[Kernel-packages] [Bug 1331513] Re: tg3 eth1: transmit timed out, resetting on BCM5720

2014-06-18 Thread Kent Baxley
** Also affects: linux (Ubuntu)
   Importance: Undecided
   Status: New

-- 
You received this bug notification because you are a member of Kernel
Packages, which is subscribed to linux in Ubuntu.
https://bugs.launchpad.net/bugs/1331513

Title:
  tg3 eth1: transmit timed out, resetting on BCM5720

Status in The Dell PowerEdge project:
  Incomplete
Status in “linux” package in Ubuntu:
  Confirmed
Status in “linux-lts-saucy” package in Ubuntu:
  Confirmed

Bug description:
  we have a problem with Dell PowerEdge machines, having the Broadcom
  5720 chip. We have this problem on generation 12 systems, across
  different models (R420, R620), with several combinations of bios
  firmwares, lifecycle firmwares, etc... We see this on several versions
  of the linux kernel, ranging from 3.2.x up tot 3.11, with several
  versions of the tg3 driver, including a manually compiled latest
  version (3.133d) loaded in a 3.11. The latest machine, where we can
  reproduce the problem has Ubuntu Precise installed, but we also see
  this behaviour on Debian machines. We run Xen on it, running HVM hosts
  on it. Storage is handled over iSCSI (and it is the iSCSI interface we
  can trigger this bug on in a reproducible way, while we have the
  impression it also happens on other interfaces, but there we don't
  have a solid case where we have e reproducible setup).

  All this info actually points into the direction of the tg3 driver
  and/or hardware below it not handling certain datastreams or data
  patterns correctly, and finally crashing the system.
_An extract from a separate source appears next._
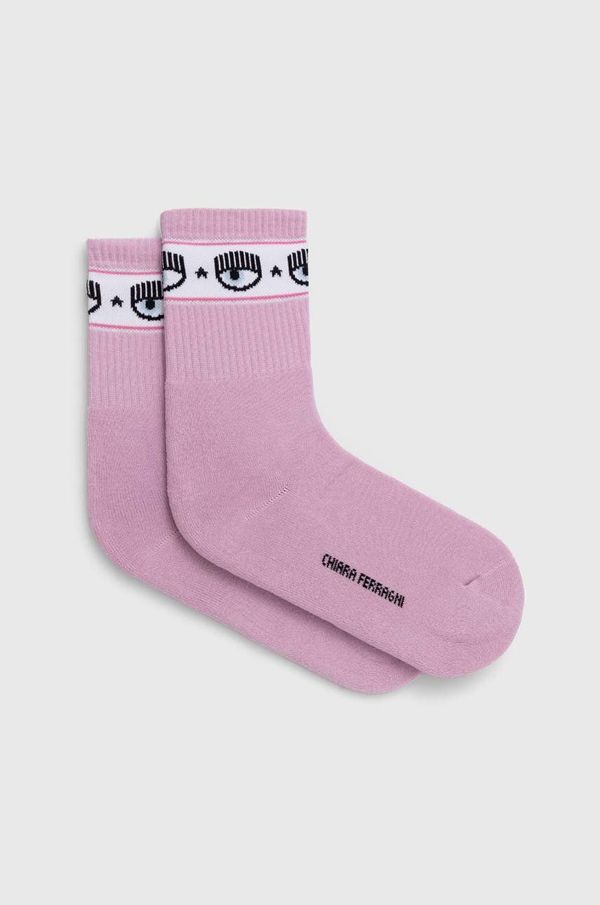 Chiara Ferragni Čarape Chiara Ferragni za žene, boja: ljubičasta, 77SB0J02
It seems
  unrelated to the version of kernel running, xen-version running,
  amount of VM's running, firmwares and revisions running, etc...

  We have been trying to pinpoint this for over a year now, being unable
  to actually create a scenario where we could reproduce this. As of
  this week, we finally found a specific setup where we could trigger
  the error within a reasonable time.

  The error is triggered by running a certain VM on the Xen stack, and
  inside that VM, importing a mysqldump in a running mysql on that VM.
  The VM has it's traffic on an iSCSI volume, so this effectually
  generates a datastream over the eth1 interface of the machine.  Within
  a short amount of time, the system will crash in 2 steps. We first see
  a timeout on the tg3 driver on the eth1 interface (dmesg output
  section attached). This sometimes repeats two or three times, and
  finally, step 2, the machine freezes and reboots.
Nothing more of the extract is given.